> _Work request_:
Could you give back exactly the lines below from the one with "Tonight's assignment in" through the one with "Looking at option", without a single picture?

-------- Recorded information

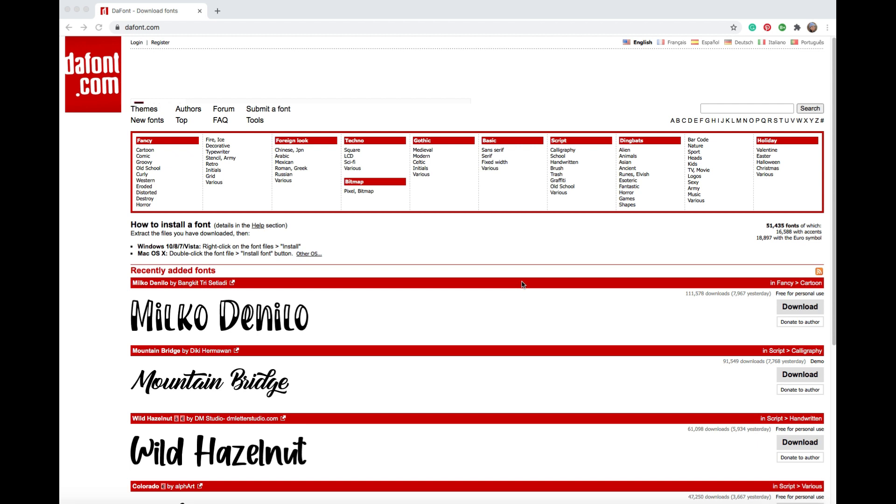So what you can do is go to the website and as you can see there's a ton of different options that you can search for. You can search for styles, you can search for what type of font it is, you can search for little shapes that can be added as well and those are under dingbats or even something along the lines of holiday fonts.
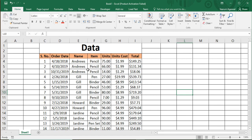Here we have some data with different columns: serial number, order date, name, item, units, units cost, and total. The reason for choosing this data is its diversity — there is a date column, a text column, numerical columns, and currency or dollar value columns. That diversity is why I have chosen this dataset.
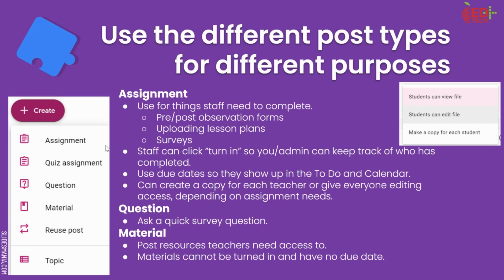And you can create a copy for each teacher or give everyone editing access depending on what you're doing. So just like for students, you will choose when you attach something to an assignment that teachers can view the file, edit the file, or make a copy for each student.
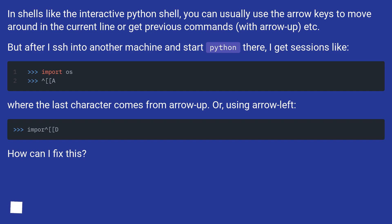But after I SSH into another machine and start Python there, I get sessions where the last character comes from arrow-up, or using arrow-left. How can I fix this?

----------------
-------- Recorded information

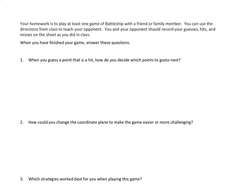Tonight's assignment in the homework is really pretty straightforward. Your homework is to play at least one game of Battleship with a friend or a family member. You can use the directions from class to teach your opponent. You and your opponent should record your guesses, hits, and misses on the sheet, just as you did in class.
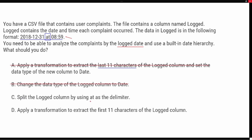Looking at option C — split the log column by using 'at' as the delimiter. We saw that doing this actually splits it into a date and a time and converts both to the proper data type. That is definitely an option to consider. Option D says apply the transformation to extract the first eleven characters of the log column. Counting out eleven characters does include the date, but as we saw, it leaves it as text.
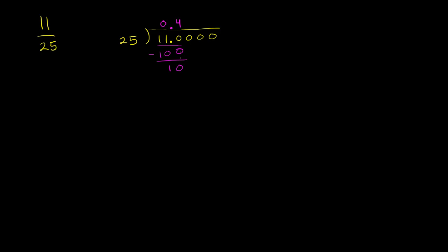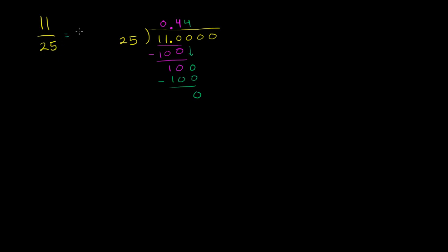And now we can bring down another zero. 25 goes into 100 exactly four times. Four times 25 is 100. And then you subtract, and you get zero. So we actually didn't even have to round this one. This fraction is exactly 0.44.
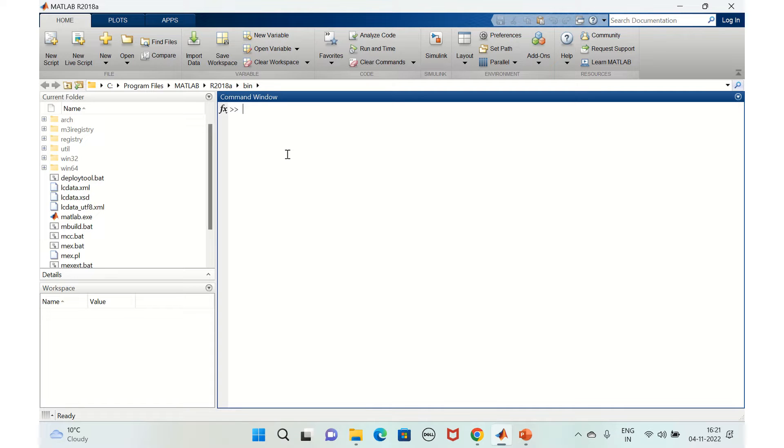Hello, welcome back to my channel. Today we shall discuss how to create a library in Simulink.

----------------

> _Answer area_:
Tonight's assignment in the homework is really pretty straightforward. Your homework is to play at least one game of Battleship with a friend or a family member. You can use the directions from class to teach your opponent. You and your opponent should record your guesses, hits, and misses on the sheet, just as you did in class.
Looking at option C — split the log column by using 'at' as the delimiter. We saw that doing this actually splits it into a date and a time and converts both to the proper data type. That is definitely an option to consider. Option D says apply the transformation to extract the first eleven characters of the log column. Counting out eleven characters does include the date, but as we saw, it leaves it as text.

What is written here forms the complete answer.